Mikhail Khodorkovsky  behind a glass wall at a courtroom in Moscow in December 2010 on embezzlement  charges relating to his oil company  Yukos. Photograph: Alexander Nemenov/AFP via Getty Images
Mikhail Khodorkovsky behind a glass wall at a courtroom in Moscow in December 2010 on embezzlement charges relating to his oil company Yukos. Photograph: Alexander Nemenov/AFP via Getty Images

Alex Gibney is a busy man. His six-part documentary series Why We Hate, executive-produced by Steven Spielberg, just premiered on the Discovery Channel. His documentary The Inventor: Out for Blood in Silicon Valley – investigating the now-defunct Theranos company and its founder Elizabeth Holmes – premiered at this year's Sundance. And here comes his newest film, Citizen K, which – following on from Going Clear: Scientology and the Prison of Belief, Steve Jobs: The Man in the Machine, and his investigation into the 1994 Loughinisland massacre, No Stone Unturned – is his fifth feature in four years.

Citizen K is a portrait of Mikhail Khodorkovsky, a man who went from being the richest man in Russia to spending a decade in prison for corruption. Those charges were viewed by some as a punishment for challenging Russian president Vladimir Putin’s power. (The European Court of Human Rights, which heard Khodorkovsky’s appeal, found that the charges against him were grounded.) He is currently living in London as one of Putin’s most vocal critics. He is no longer ranked 16th on Forbes’ list of billionaires but, on camera, he discusses the lifting of a freezing order on almost €100 million in Irish-based assets as if he had found some loose change down the back of the couch.

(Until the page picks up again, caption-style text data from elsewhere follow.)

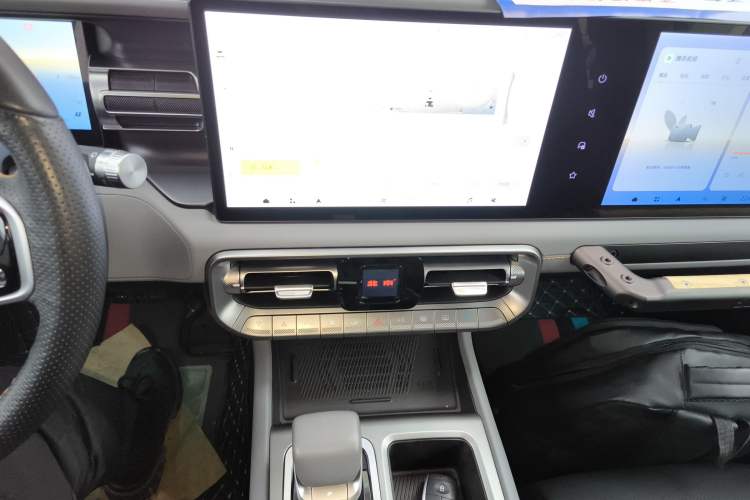 Used BAIC Off-Road BJ40 2024 2.0T All-New Urban Hunter Edition Ultimate Version Audio And AC Panel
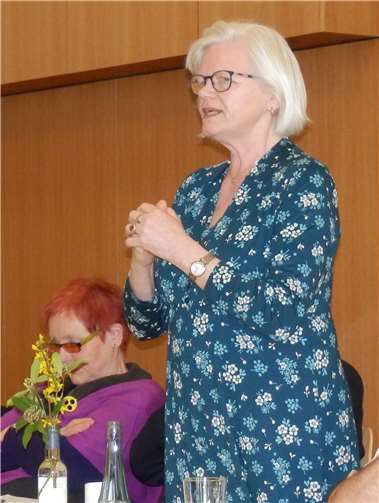 Kreis-Chorleiterin Barbara Nöst-Butz aus Andernach erläutert ihren Jahresbericht.Foto: privat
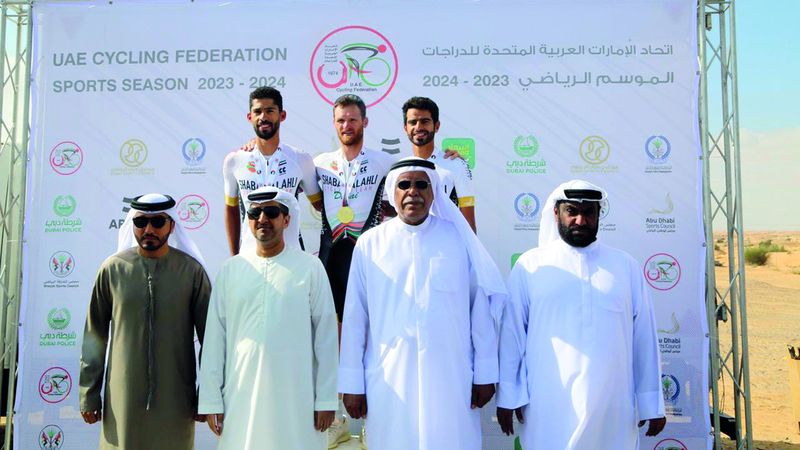 الامارات | شباب الأهلي بطلاً لسباق نزوى للدراجات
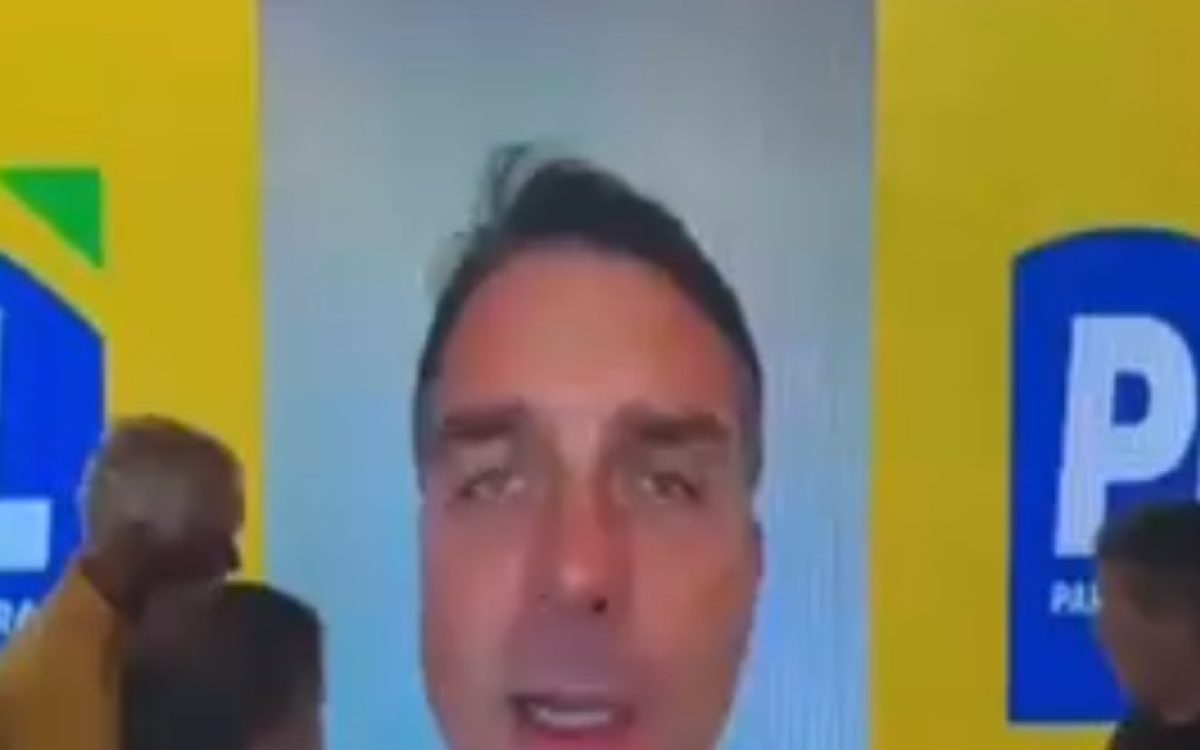 Flávio Bolsonaro fala durante anuncio de Álvaro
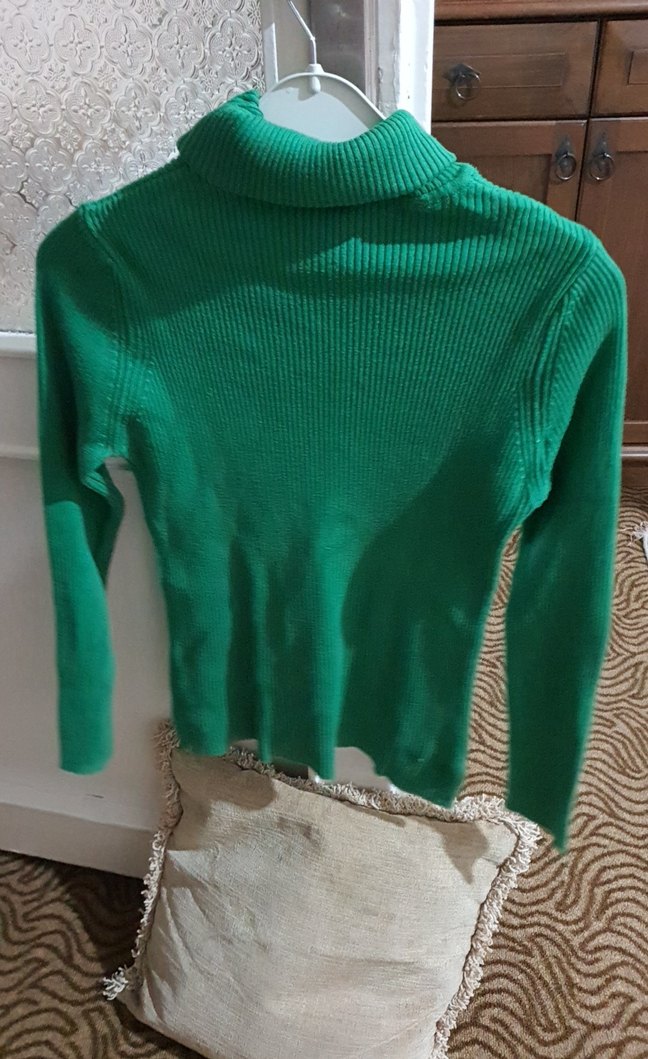 Kadın Yeşil Boğazlı Triko Kazak - Görsel 3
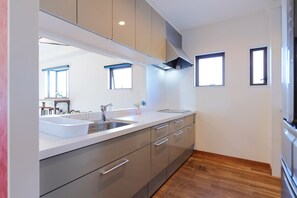 客房 (Luxury) | 私人廚房 | 電冰箱、微波爐、爐台、電熱水壺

I've made a lot of films about abuses of power and this was an interesting way of looking at power in Russia

“A lot of people just despise him,” says Gibney. “I came to the story in 2016 and I realised in the wake of the Russian attack on the US election that I knew very little about Russia and wouldn’t it be interesting to know more.

“Right around the same time I was approached by two of my producers, John Battsek and PJ van Sandwijk, who had made contact with Khodorkovsky and who had been interested in his story for some time. It is a great story because it’s somebody who came from nothing who became, arguably, the most powerful man in Russia and then became utterly powerless except for the ability to take his own life. I’ve made a lot of films about power and abuses of power and this was an interesting way of looking at power in Russia.”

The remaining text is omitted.